Short descriptive text snippets
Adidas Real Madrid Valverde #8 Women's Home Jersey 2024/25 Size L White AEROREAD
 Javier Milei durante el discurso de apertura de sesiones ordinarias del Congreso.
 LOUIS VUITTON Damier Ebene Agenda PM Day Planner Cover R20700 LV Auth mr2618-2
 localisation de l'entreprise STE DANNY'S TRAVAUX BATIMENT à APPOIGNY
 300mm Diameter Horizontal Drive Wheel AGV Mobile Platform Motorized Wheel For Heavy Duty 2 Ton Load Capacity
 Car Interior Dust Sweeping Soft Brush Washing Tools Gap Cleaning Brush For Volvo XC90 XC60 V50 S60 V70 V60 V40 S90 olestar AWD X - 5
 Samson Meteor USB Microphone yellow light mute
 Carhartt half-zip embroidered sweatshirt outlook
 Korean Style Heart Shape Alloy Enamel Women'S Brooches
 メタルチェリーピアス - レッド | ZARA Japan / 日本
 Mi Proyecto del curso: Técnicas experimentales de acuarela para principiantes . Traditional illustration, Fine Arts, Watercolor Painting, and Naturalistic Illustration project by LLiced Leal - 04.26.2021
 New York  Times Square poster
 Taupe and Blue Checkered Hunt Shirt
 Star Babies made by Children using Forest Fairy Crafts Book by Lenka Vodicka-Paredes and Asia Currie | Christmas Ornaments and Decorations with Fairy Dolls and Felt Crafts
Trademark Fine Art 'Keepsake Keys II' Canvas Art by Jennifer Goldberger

**Try it**
Copy out all of the records shown above exactly.

**Answer area**
Adidas Real Madrid Valverde #8 Women's Home Jersey 2024/25 Size L White AEROREAD
 Javier Milei durante el discurso de apertura de sesiones ordinarias del Congreso.
 LOUIS VUITTON Damier Ebene Agenda PM Day Planner Cover R20700 LV Auth mr2618-2
 localisation de l'entreprise STE DANNY'S TRAVAUX BATIMENT à APPOIGNY
 300mm Diameter Horizontal Drive Wheel AGV Mobile Platform Motorized Wheel For Heavy Duty 2 Ton Load Capacity
 Car Interior Dust Sweeping Soft Brush Washing Tools Gap Cleaning Brush For Volvo XC90 XC60 V50 S60 V70 V60 V40 S90 olestar AWD X - 5
 Samson Meteor USB Microphone yellow light mute
 Carhartt half-zip embroidered sweatshirt outlook
 Korean Style Heart Shape Alloy Enamel Women'S Brooches
 メタルチェリーピアス - レッド | ZARA Japan / 日本
 Mi Proyecto del curso: Técnicas experimentales de acuarela para principiantes . Traditional illustration, Fine Arts, Watercolor Painting, and Naturalistic Illustration project by LLiced Leal - 04.26.2021
 New York  Times Square poster
 Taupe and Blue Checkered Hunt Shirt
 Star Babies made by Children using Forest Fairy Crafts Book by Lenka Vodicka-Paredes and Asia Currie | Christmas Ornaments and Decorations with Fairy Dolls and Felt Crafts
Trademark Fine Art 'Keepsake Keys II' Canvas Art by Jennifer Goldberger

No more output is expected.